ACTION ITEM:
Each record should be reproduced exactly.

%%

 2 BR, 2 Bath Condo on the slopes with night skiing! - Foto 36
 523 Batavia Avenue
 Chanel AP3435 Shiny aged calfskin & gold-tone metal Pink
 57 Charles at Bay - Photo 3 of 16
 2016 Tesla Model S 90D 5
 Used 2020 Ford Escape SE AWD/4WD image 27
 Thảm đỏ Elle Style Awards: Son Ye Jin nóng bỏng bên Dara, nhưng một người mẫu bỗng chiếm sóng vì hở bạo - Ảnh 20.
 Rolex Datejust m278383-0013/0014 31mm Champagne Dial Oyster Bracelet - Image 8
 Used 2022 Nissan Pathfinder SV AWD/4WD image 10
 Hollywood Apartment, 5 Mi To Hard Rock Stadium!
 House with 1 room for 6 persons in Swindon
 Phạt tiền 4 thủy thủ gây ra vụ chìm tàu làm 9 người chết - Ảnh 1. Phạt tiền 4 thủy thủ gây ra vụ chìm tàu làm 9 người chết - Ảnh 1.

%%

THE ANSWER:
 2 BR, 2 Bath Condo on the slopes with night skiing! - Foto 36
 523 Batavia Avenue
 Chanel AP3435 Shiny aged calfskin & gold-tone metal Pink
 57 Charles at Bay - Photo 3 of 16
 2016 Tesla Model S 90D 5
 Used 2020 Ford Escape SE AWD/4WD image 27
 Thảm đỏ Elle Style Awards: Son Ye Jin nóng bỏng bên Dara, nhưng một người mẫu bỗng chiếm sóng vì hở bạo - Ảnh 20.
 Rolex Datejust m278383-0013/0014 31mm Champagne Dial Oyster Bracelet - Image 8
 Used 2022 Nissan Pathfinder SV AWD/4WD image 10
 Hollywood Apartment, 5 Mi To Hard Rock Stadium!
 House with 1 room for 6 persons in Swindon
 Phạt tiền 4 thủy thủ gây ra vụ chìm tàu làm 9 người chết - Ảnh 1. Phạt tiền 4 thủy thủ gây ra vụ chìm tàu làm 9 người chết - Ảnh 1.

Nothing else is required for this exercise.